Jego zdaniem "dlatego po raz kolejny w Senacie musimy się zająć tym porządnie". - (Musimy - przyp. red.) wystąpić o opinię ekspertów, spotkać się z szefem PKW czy z przedstawicielami Izby Kontroli Nadzwyczajnej Sądu Najwyższego. Połączone komisje już drugi raz się po kilka godzin zbierają i jeszcze nie skończyły swojej pracy - wyjaśnił.

Marszałek Senatu mówił także o "próbie przeniesienia tzw. okrągłego stołu z Sejmu do Senatu". - Może by przyniosła jakieś owoce, ale przedstawiciele Prawa i Sprawiedliwości w osobach pana posła Suskiego i Czarnka nie mieli żadnych pełnomocnictw do podejmowania wiążących decyzji - mówił marszałek. - Dlatego tyle czasu to trwa. Przypomnę, że w regulaminie i w konstytucji Senatowi przysługuje 30 dni i jeszcze do tego okresu jest bardzo daleko. Myślę, że ta ustawa z licznymi poprawkami wróci do Sejmu znacznie wcześniej - powiedział Grodzki.

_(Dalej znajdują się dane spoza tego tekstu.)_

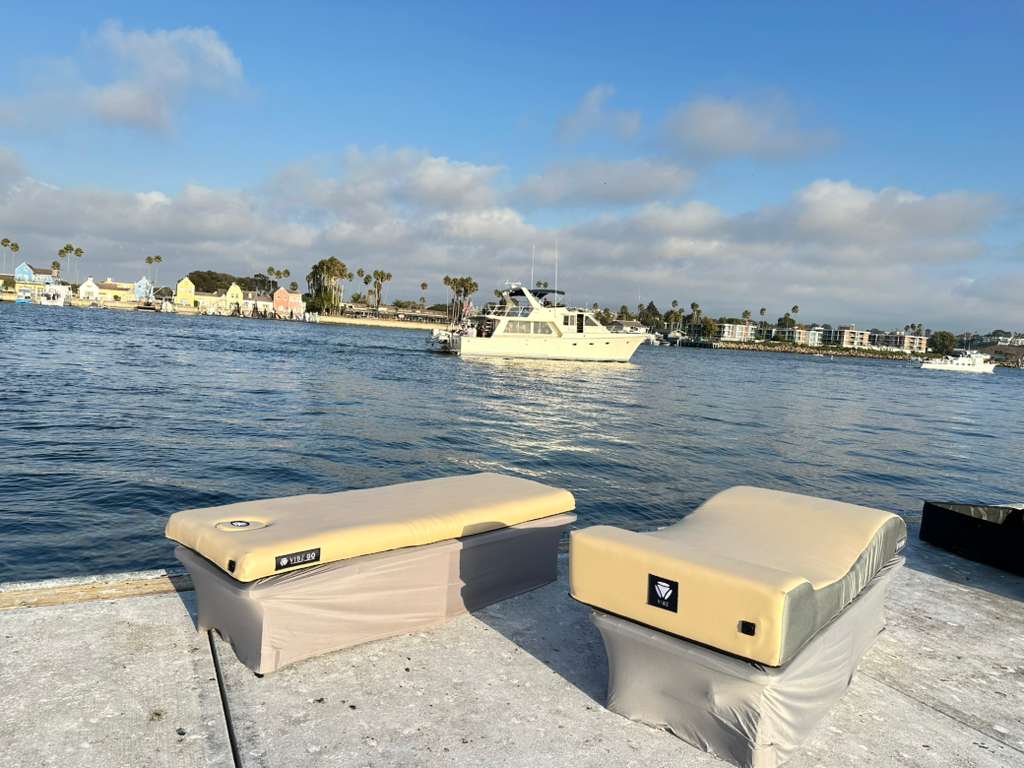 VIBE Wellness System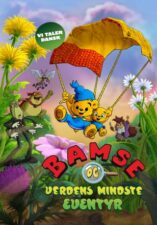 Bamse og verdens mindste eventyr
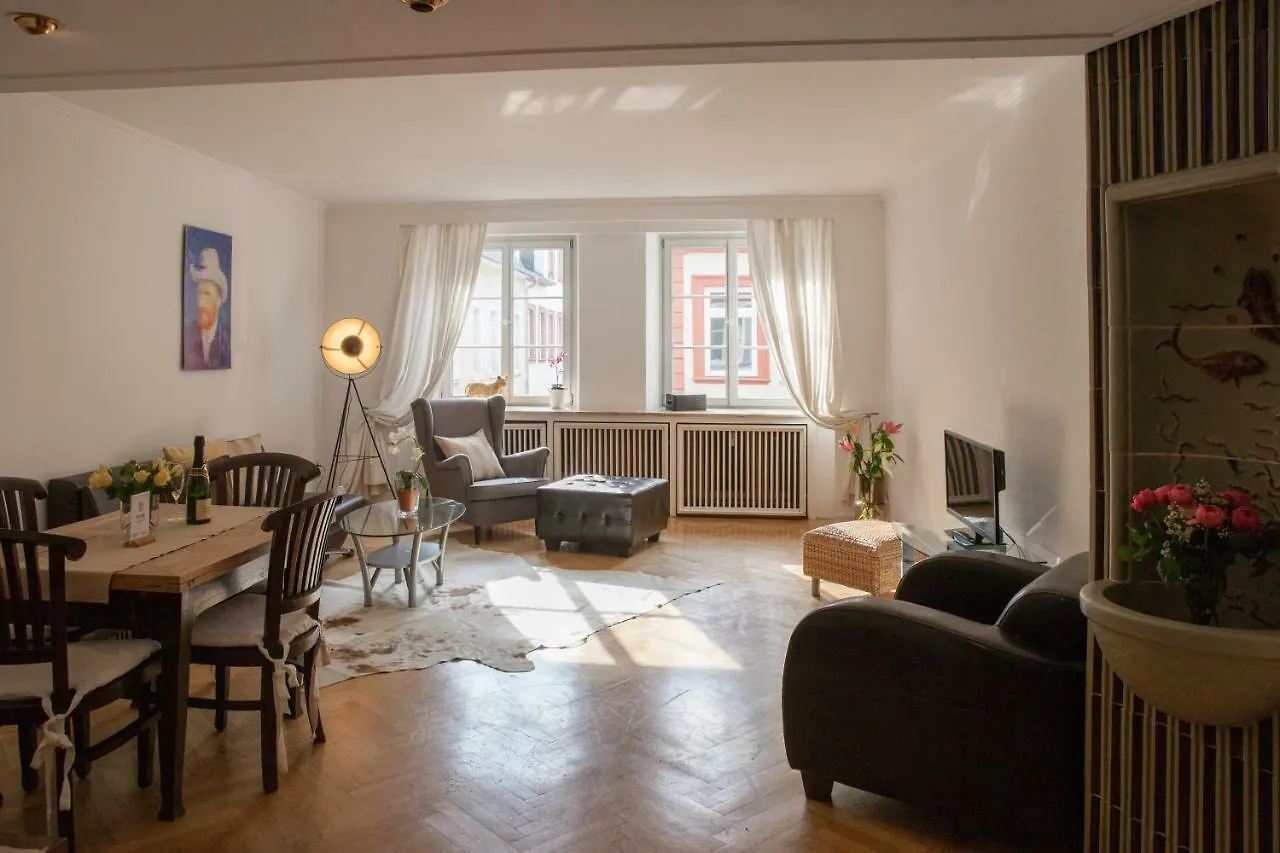 Heidelberg Apheartments Apartment 0*,  Germany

- Komisje swoją pracę kontynuują w poniedziałek, a dopiero jak będę miał raport komisji, a to wymaga opracowania przez legislatorów, bo tam będzie jak mniemam sporo poprawek, to dopiero wtedy możemy przystąpić do obrad plenarnych. To jest abecadło legislacji - podkreślił marszałek. - Nie ma tu żadnej obstrukcji i nigdy nie było - dodał.

Witek: ogłoszę nowy termin niezwłocznie

Marszałek Elżbieta Witek na wtorkowej konferencji zapewniła, że ogłoszony przez nią termin wyborów prezydenckich będzie "terminem konstytucyjnym". - Musimy mieć głowę państwa po 6 sierpnia - oświadczyła.

Kluczowa do ogłoszenia nowego terminu wyborów jest uchwała Państwowej Komisji Wyborczej, która już ponad dwa tygodnie czeka na opublikowanie w Dzienniku Ustaw. W uchwale PKW stwierdziła, że w wyborach prezydenckich zarządzonych na 10 maja brak było możliwości głosowania na kandydatów. Po publikacji tego dokumentu marszałek Sejmu w terminie 14 dni będzie musiała zarządzić nowe wybory, które mają się odbyć w ciągu 60 dni od dnia zarządzenia.

Przewodniczący PO i szef klubu parlamentarnego KO Borys Budka mówił w poniedziałek, że marszałek Sejmu, nie wyznaczając w ciągu 14 dni od 10 maja terminu wyborów, oraz premier Mateusz Morawiecki, nie publikując uchwały PKW z 10 maja, nie dopełnili obowiązków, naruszając art. 231 Kodeksu karnego.

Witek podczas wtorkowej konferencji przekonywała, że Kodeks wyborczy mówi wprost, iż marszałek Sejmu ma obowiązek ogłosić termin nowych wyborów nie później niż w ciągu 14 dni od ogłoszenia uchwały PKW w Dzienniku Ustaw. Dodała, że "uchwała nie jest aktem normatywnym, a tylko akty normatywne ogłasza się niezwłocznie". - Ja terminów przestrzegam, przestrzegam prawa i tych terminów pilnuję - przekonywała. - 14 dni od opublikowania w Dzienniku Ustaw uchwały PKW, to jest termin, w jakim ja muszę ogłosić termin nowych wyborów - dodała.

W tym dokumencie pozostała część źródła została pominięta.